The proof of the pudding is in the eating. Honestly, to me your summer sounds completely awesome! But if the result is your kids are acting like turds, then, yes, it's time to switch it up.
I like the idea for more unstructured time -- that is something that is sorely missing in our current world. But I would also encourage you to load some more responsibility on your kids, especially during summer breaks. Since they don't have school responsibilities, they have the headspace to learn new things and be useful to you. IME, this actually makes them happier: humans were not designed to loll around and be constantly entertained 24/7 for months at a time; we want to be useful, to be productive, to contribute something useful to the other humans we care about. This is especially true for kids, who are trying very hard to learn all of the skills they will need as an adult, and so who are really internally driven to learn and contribute. So spend some of that extra time expecting them to be contributing members of the household, in ways that they may not have time/energy to do during the year. Thinks like cooking dinner, or planting/weeding the garden, or painting the house, or helping with home repairs -- obviously, the list needs to fit their ages and interests, but it should be something useful and beyond what you have previously expected them to do -- and then you should, of course, praise them ridiculously when they achieve whatever it is.

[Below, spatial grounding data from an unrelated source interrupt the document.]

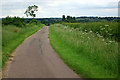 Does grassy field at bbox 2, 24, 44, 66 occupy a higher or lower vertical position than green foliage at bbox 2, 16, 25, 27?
lower

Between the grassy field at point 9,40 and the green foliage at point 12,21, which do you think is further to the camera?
the green foliage at point 12,21

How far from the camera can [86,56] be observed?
42.7 ft

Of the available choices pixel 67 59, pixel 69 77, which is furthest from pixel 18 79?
pixel 67 59

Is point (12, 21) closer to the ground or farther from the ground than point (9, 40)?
farther from the ground

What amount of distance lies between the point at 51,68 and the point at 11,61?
3363 mm

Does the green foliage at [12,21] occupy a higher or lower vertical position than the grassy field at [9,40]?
higher

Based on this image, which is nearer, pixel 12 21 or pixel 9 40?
pixel 9 40

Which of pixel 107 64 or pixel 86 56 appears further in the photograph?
pixel 86 56

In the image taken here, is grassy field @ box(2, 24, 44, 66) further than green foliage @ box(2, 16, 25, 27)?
No

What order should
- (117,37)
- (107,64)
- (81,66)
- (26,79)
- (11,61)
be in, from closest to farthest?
(26,79) < (107,64) < (81,66) < (11,61) < (117,37)

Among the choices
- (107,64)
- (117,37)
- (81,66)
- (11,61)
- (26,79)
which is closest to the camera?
(26,79)

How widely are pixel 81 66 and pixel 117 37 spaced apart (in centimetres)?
627

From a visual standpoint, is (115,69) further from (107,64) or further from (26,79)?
(26,79)

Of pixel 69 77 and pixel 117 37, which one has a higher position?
pixel 117 37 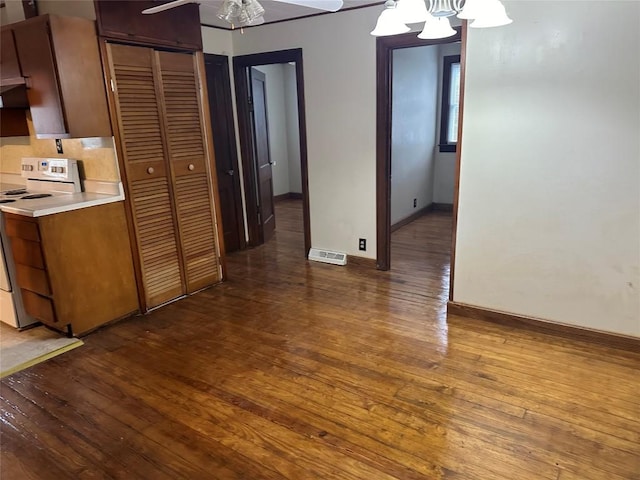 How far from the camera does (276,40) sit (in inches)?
167

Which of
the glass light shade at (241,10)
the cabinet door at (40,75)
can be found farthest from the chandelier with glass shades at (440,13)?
the cabinet door at (40,75)

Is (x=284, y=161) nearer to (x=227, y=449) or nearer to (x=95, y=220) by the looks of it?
(x=95, y=220)

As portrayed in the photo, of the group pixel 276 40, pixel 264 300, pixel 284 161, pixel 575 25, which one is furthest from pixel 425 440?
pixel 284 161

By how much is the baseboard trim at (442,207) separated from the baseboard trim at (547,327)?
3498mm

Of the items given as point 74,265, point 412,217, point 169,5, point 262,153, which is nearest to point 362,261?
point 262,153

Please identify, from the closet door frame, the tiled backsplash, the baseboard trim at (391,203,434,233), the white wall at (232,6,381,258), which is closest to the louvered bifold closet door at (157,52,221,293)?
the closet door frame

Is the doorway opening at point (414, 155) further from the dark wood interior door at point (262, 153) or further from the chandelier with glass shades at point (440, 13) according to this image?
the chandelier with glass shades at point (440, 13)

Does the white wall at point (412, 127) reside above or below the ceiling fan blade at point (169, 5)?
below

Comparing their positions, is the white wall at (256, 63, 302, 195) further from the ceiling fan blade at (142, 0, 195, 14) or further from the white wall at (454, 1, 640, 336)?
the ceiling fan blade at (142, 0, 195, 14)

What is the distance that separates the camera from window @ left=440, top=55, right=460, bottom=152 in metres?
6.06

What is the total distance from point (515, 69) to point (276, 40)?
2.41m

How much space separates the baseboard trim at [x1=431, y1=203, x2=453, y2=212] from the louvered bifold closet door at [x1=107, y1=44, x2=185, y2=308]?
4211mm

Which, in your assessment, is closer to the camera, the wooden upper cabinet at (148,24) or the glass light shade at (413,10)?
the glass light shade at (413,10)

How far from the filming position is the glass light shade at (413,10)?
191cm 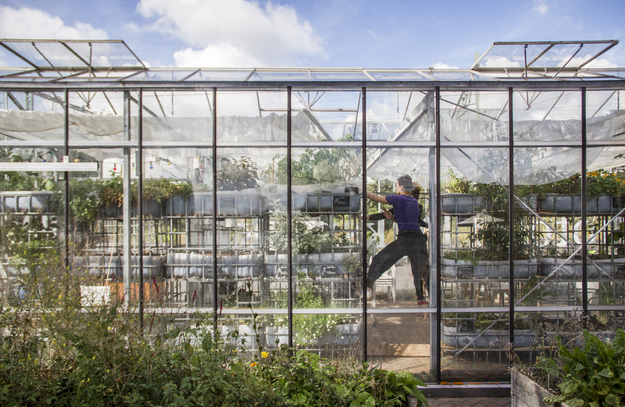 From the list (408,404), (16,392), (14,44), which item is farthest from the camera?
(14,44)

This is from personal experience, btw; at one point, I seriously thought DD was not going to survive until her 13th birthday, because OMG was she such an entitled twit -- here I was making her life so easy, doing all this stuff for her, and she couldn't even appreciate it, but instead demanded -- expected -- more and was resentful when I couldn't drop everything for whatever her minor little thing was? Yeah, sorry, that is not the kid I am raising. If you are that entitled, then clearly I have been doing TOO much, and it's time for me to back off with the "help" and "doing for," and time for you to pick up some serious slack. So we assigned her the task of making dinner once or twice a week. After the initial kvetching, she puffed right up -- with something real to be proud of, her attitude evaporated, and she went back to being the nice kid I knew. I was sort of amazed that it took so little!